東日本大震災から10年 いま伝えたい想い
石巻市福祉部子育て支援課で放課後児童クラブの担当をしていたときに石巻市の「子どもまちづくりクラブ」の活動に関わった。現在は石巻市福祉部子ども保育課に在籍する。
震災発生当時、私は石巻市福祉部子育て支援課で放課後児童クラブの担当をしていました。震災発生時には、市外からの避難者も石巻市に集まっており、避難所の設営をしながら、放課後児童支援員などの安否確認やクラブ室の被害状況調査などを行っていました。
ある日、セーブ・ザ・チルドレンのスタッフが私の課の窓口を訪れ、必要な支援があれば教えてほしいと声を掛けてきました。当時、保育所には、早い段階からさまざまな支援がありましたが、放課後児童クラブや中高生への支援はほとんどなかったため、私たちはその状況を説明しました。その後、セーブ・ザ・チルドレンが放課後児童クラブや中高生への支援を行うことになり、一緒に活動するようになりました。
石巻市の「子どもまちづくりクラブ」(*1)の活動などは本当に思い出深いです。子どもたちの活動を最初から見てきましたが、はじめは頼りない感じの子どもたちが、自分たちのまちのことや復興のために自分たちに何ができるかを考え、声に出したことを具現化していく姿にはとても感動しました。特に東北子どもまちづくりサミット(*2)などの大きな舞台で、子どもたちがまちづくりについての「夢」や自分たちの活動を堂々と発信する姿を見ることをいつも楽しみにしていました。
子どもたちが、自分たちの想いを地域に発信することで、周りの大人たちも年齢や性別、社会的立場などに関係なく、地域全体で一丸となってその想いを実現させるための活動に取り組むことができたと思っています。子どもと大人の思いが一緒で、少しだけ子どもたちをサポートすれば、「石巻市子どもセンター らいつ」(*3)のように大きなプロジェクトも成し遂げることができる。子どもたちの可能性は無限なんだと感動しました。
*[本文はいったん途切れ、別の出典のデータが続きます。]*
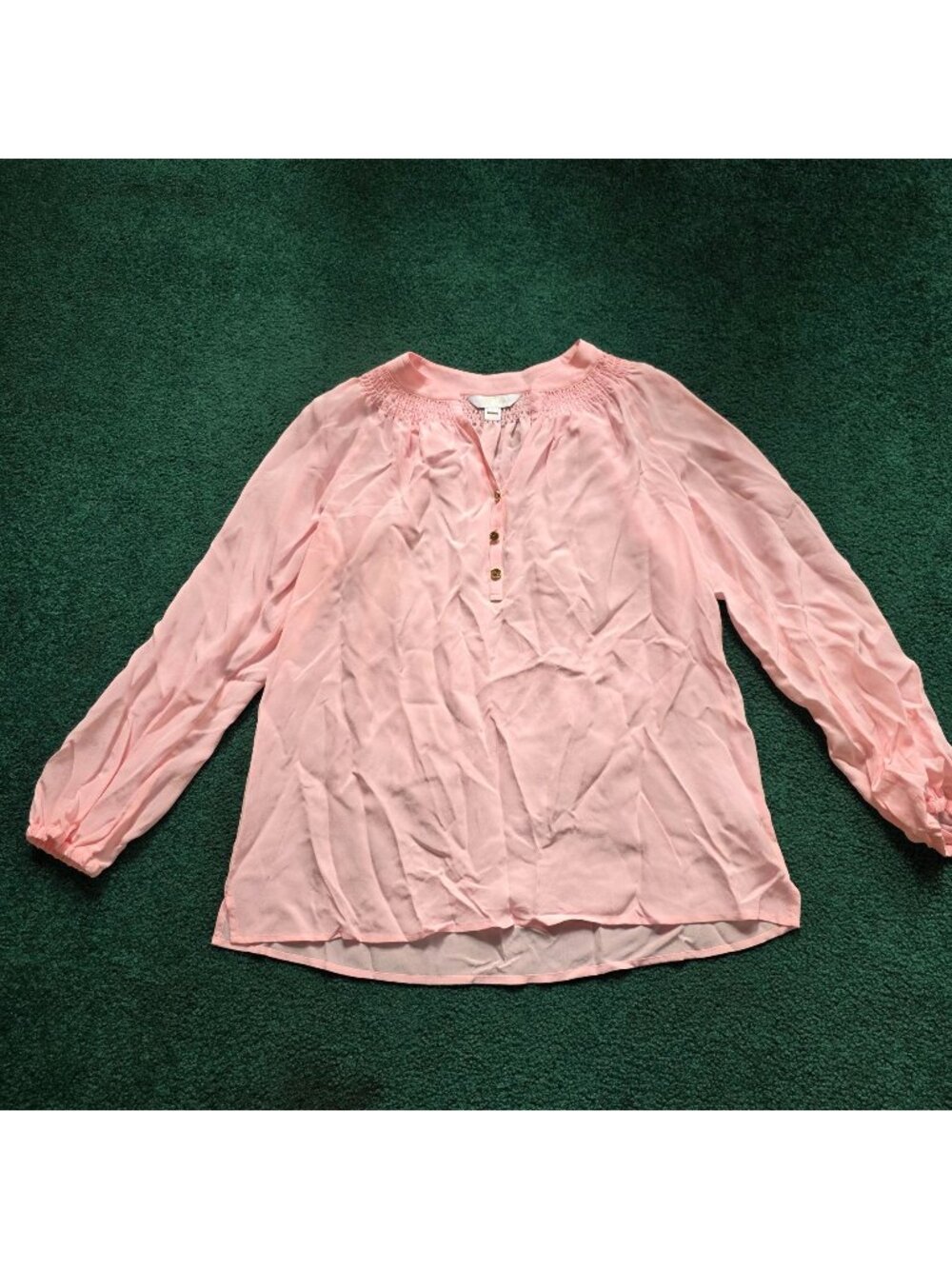 Lilly Pulitzer Elsa Silk Top Blouse Sz M Pink Muse Long Sleeve Gold Buttons EUC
「らいつ」は、2014年1月に開館してから石巻市が運営してきましたが、2018年4月からは、民間の団体が運営する「指定管理者制度」が始まりました。その「指定管理者」を選定する過程においても、子どもたちが意見を伝えられるように「子ども委員」が設置され、利用者である子どもの声が反映されています。昔も今も変わらず、子どもたちの社会参加の発信拠点として、積極的に活動が行われることを期待しています。
私自身は、最近は「らいつ」に行く機会が減りましたが、近くを通るたびに、いまでも子どもたちの元気な笑い声が聞こえてくるので、当時を思い出して懐かしい気持ちになります。
東日本大震災のような大災害では、当事者はやるべきことが多く、何をどうしたらよいのかわからなくなるし、不安にもなり、普段当たり前にできていたことができなくなったりもします。そうした精神状態の中でも、放課後児童支援員は、子どもたちに寄り添って見守っていかなければなりませんでした。支援員自身も被災しており、放課後児童クラブでは被災した支援員が被災した子どもたちと接するケースもあり、支援員に対してのこころのケアも重要でした。
そのような状況をセーブ・ザ・チルドレンは理解してくれて、全国学童保育連絡協議会などの協力も得ながら、支援員への研修や情報交流会を複数回一緒に実施しました(*4)。このような支援員へのこころのケアの支援を通して、子どもたちに対するきめ細やかな保育が実現できたのではないかと感じています。